Faith & Film X: Dune
Three Minute Film Synopsis
Dune is set in a distant future where humankind has spread out among the stars. In some ways, humans have advanced greatly, and in other ways, they seem to have reverted to a universe resembling the dark ages of medieval Europe.
The story centers on two powerful families: House Atreides, led by Duke Leto Atreides on the ocean planet of Caladan, and House Harkonnen, led by Baron Vladimir Harkonnen on the desert planet of Arrakis, also known as Dune. The Galactic Emperor (who is not seen in the film) is threatened by the rising power of House Atreides, so he commands the Atreides and the Harkonnens to switch planets. This seems at first like a gift to the Atreides, since their new planet has a monopoly on the mining and production of Spice, which is used for interstellar travel. Think of oil in the middle east and you get the idea. However, it's not a gift--it's a trap, setting up a showdown between House Atreides and House Harkonnen. The emperor quietly supports the Harkonnens and lends them troops from his imperial army. Again, if you remember the Iran Contra affair in the 1980s, or the Vietnam war, or the Cold war, or the Gulf war...you get the idea.
In a surprise attack, the Harkonnens invade Arrakis, capturing (and eventually killing) Duke Leto and almost completely eradicating House Atreides. Almost. Duke Leto's son, Paul, and his mother, Lady Jessica, escape into the desert, where they must survive harsh conditions, attacks from giant sandworms, and evade their pursuers. Eventually, Paul and his mother come into contact with the indigenous people of Arrakis, known as the Fremen. When one of the Fremen threatens his mother, Paul is compelled to fight his opponent in a ritual dual to the death. He is victorious, and the Fremen take him in as one of their own, ending the film and setting up the film's sequel, which corresponds to the second half of the novel upon which it's based, and is planned for release in 2023.
Fear is the Mind Killer
If you watched the movie or read the book, you probably realize just how much I left out in that summary. Like the fact that Paul Atreides' mother, the Lady Jessica, belongs to a mystical order of warrior-priestess-nuns called the Bene Gesserit. Incidentally, in Hebrew B'nai Jeshurun (sounds similar, doesn't it?) is a poetic phrase that appears several times in the Bible, and means "children of Israel."

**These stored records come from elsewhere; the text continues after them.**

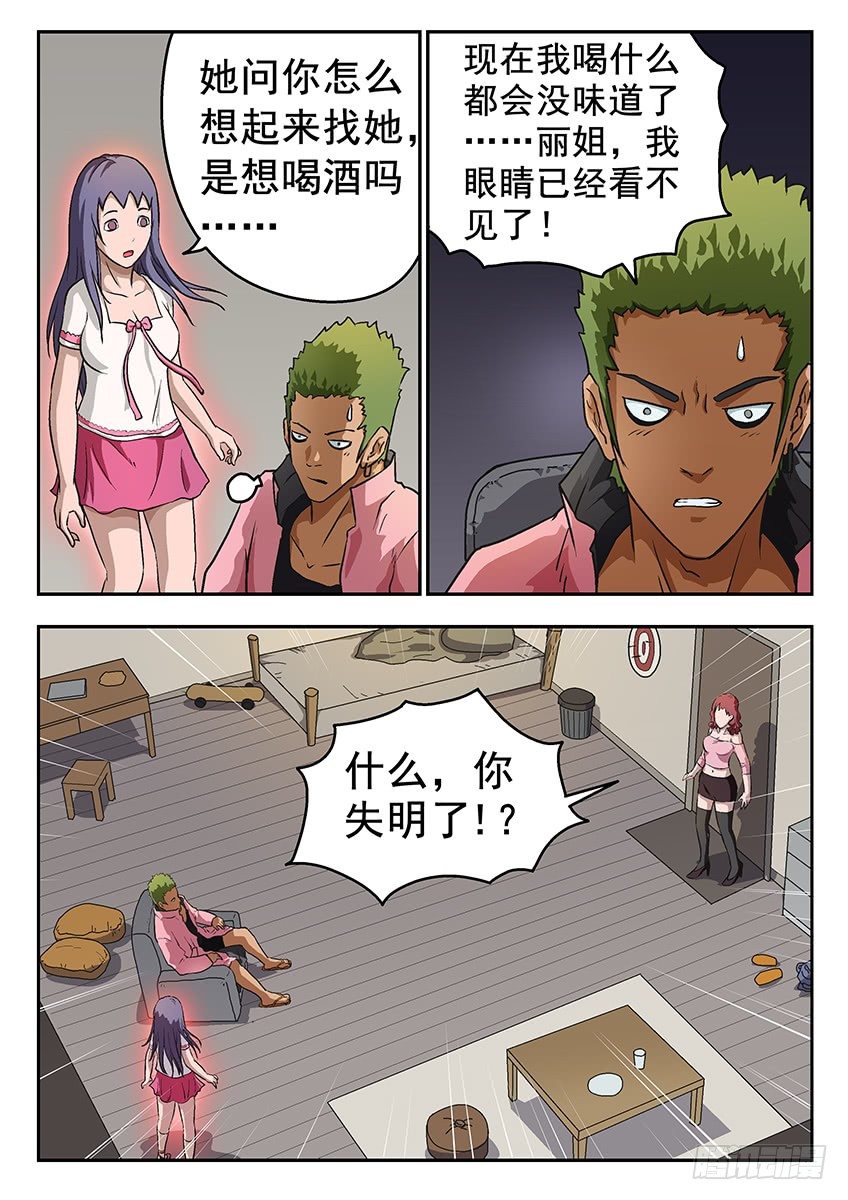 《三魂七魄》求助 第5页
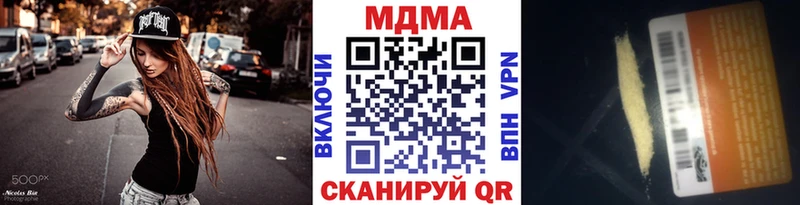 МДМА crystal  Купить закладки  Судогда 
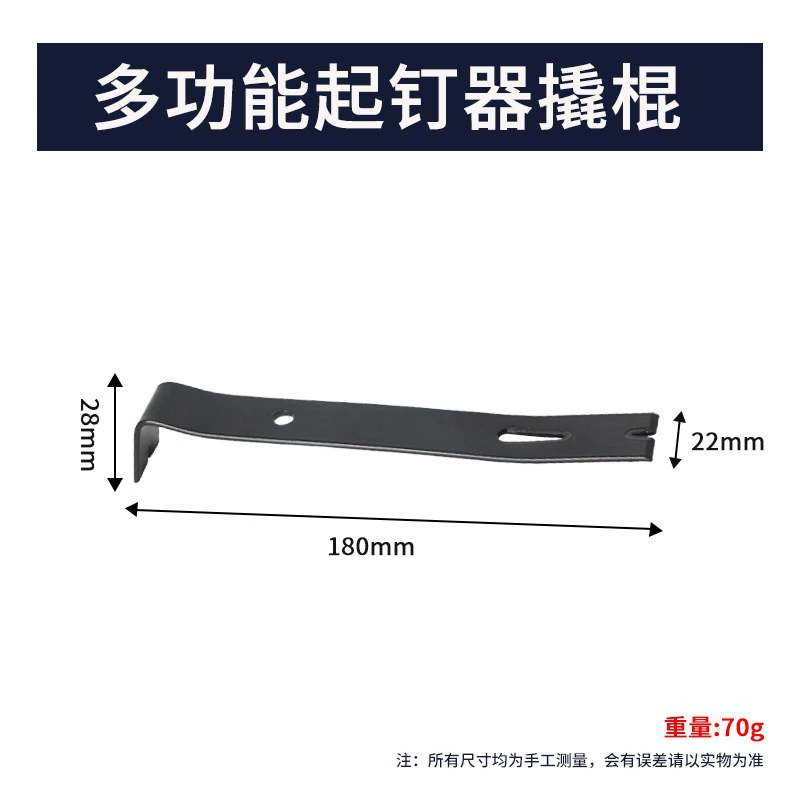 Многофункциональный портативный съемник гвоздей высокой твердости для открытия деревянных ящиков, инструмент для снятия автомобильных шин, плоский инструмент для подъема.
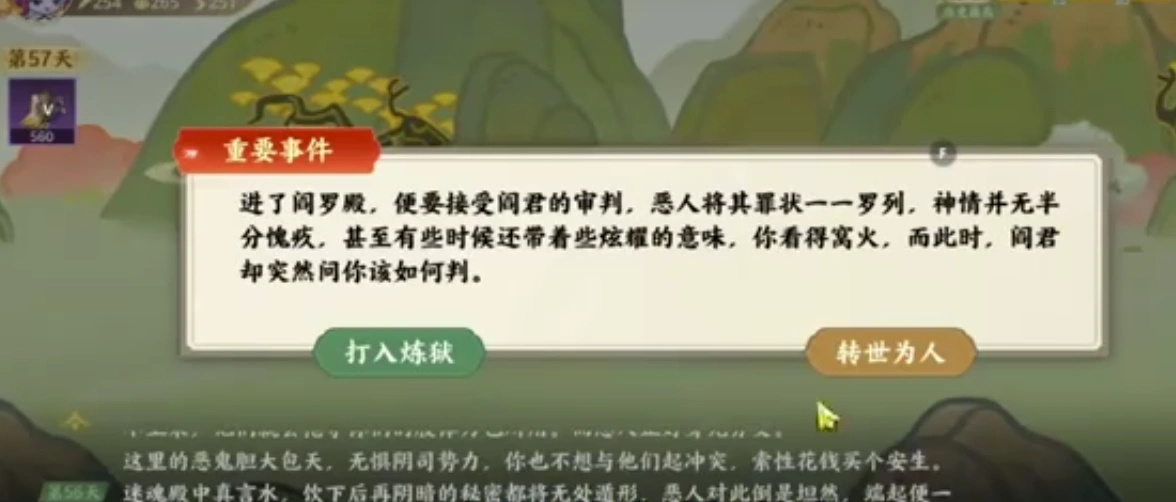 指间山海山海传奇六道轮回怎么过,指间山海山海传奇六道轮回过法分享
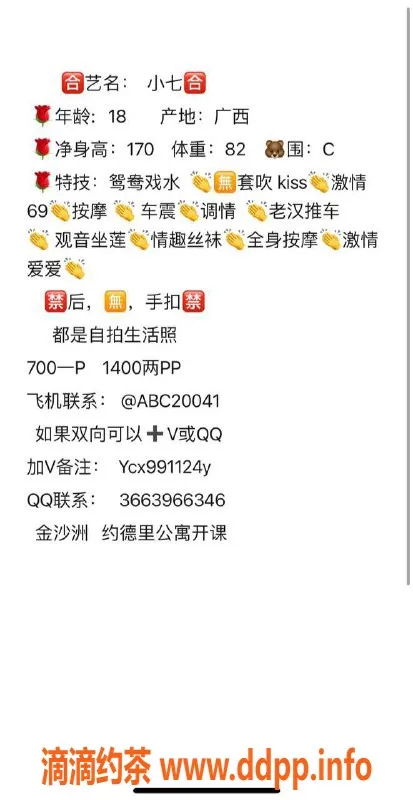 广州楼凤-白云金沙洲小七，700p鸳鸯浴，超值体验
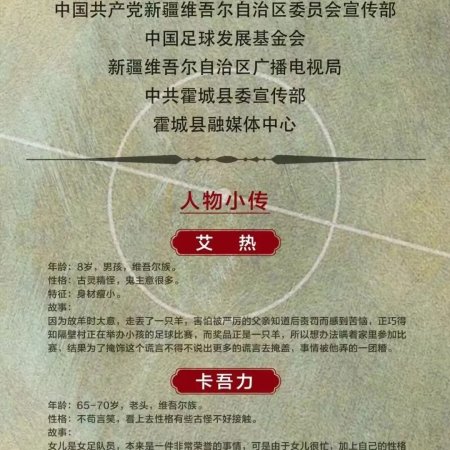 Yong Bu Gu Xing ()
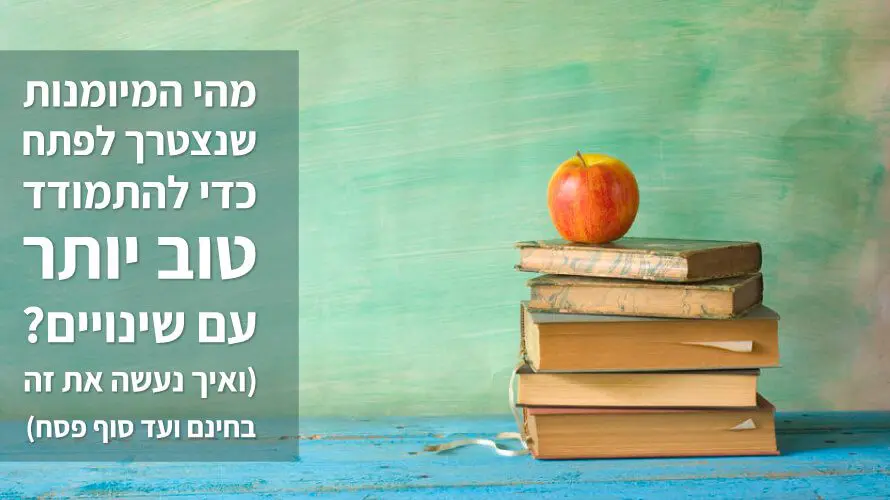 איך ללמוד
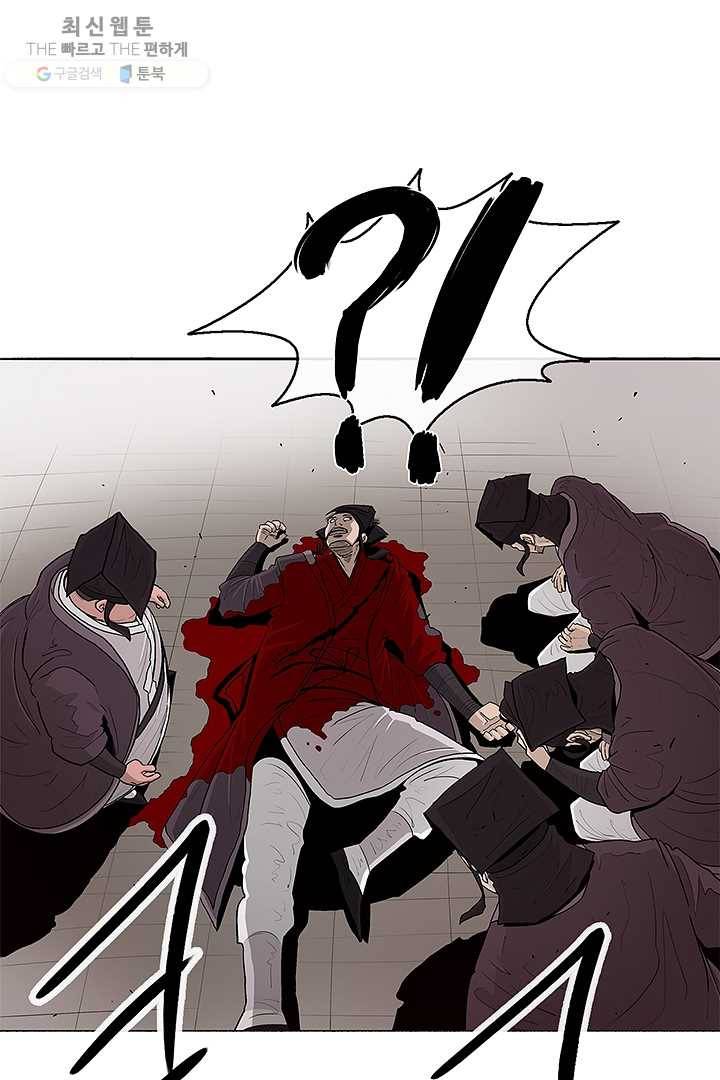 북검전기 83화 1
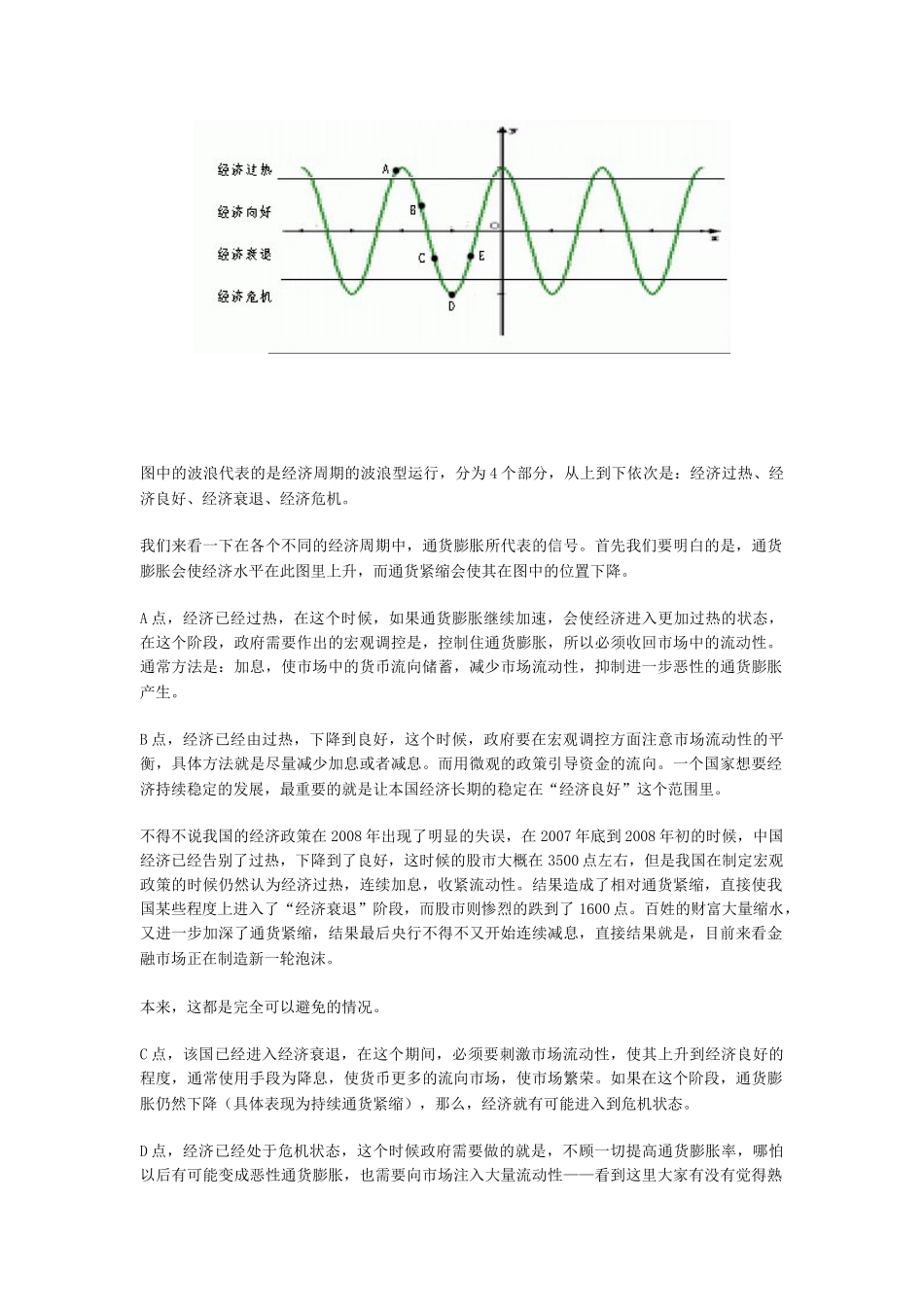 如何将外汇基本面分析和技术面分析相结合_第3页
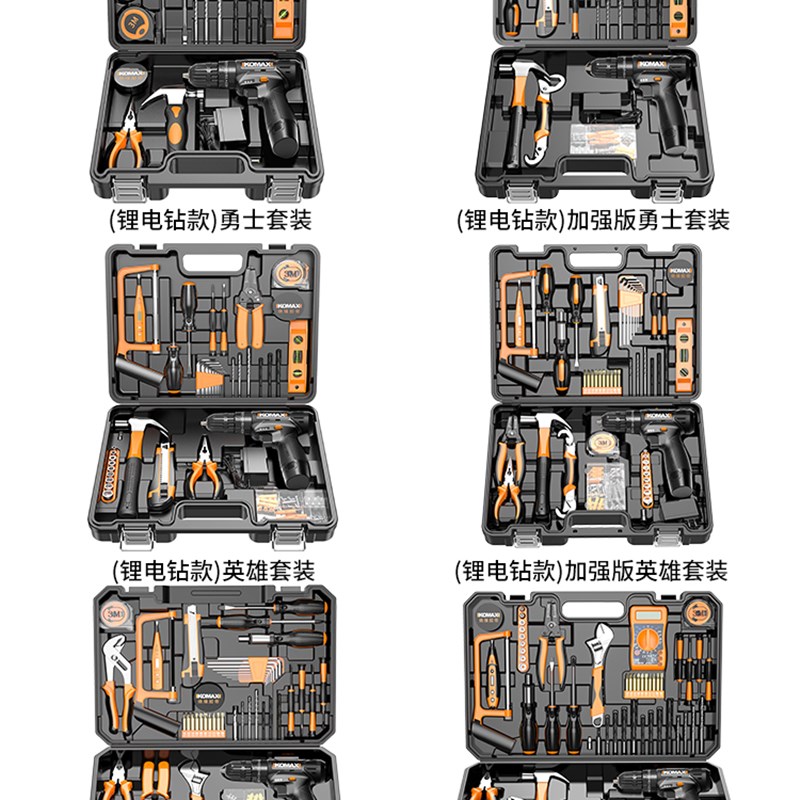 家b用电钻电动手工具套装五金电工专用维修多功能工具箱木工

In Dune, the Bene Gesserit are a secretive religious order with special abilities, which they use to guide humanity towards enlightenment. For centuries, they have also engaged in a selective breeding program to produce the Kwisatz Haderach--a Messiah figure with the ability to bridge space and time. At the beginning of the film, the Bene Gesserit suspect that Jessica's son, Paul Atreides, may be the Kwisatz Haderach. But first, the Reverend Mother (similar to a Mother Superior) must test Paul to see if he can overcome his fear, his animal instincts. In the clip that follows, pay attention to the mantra spoken by Paul's mother as she faces her own fear of losing her son.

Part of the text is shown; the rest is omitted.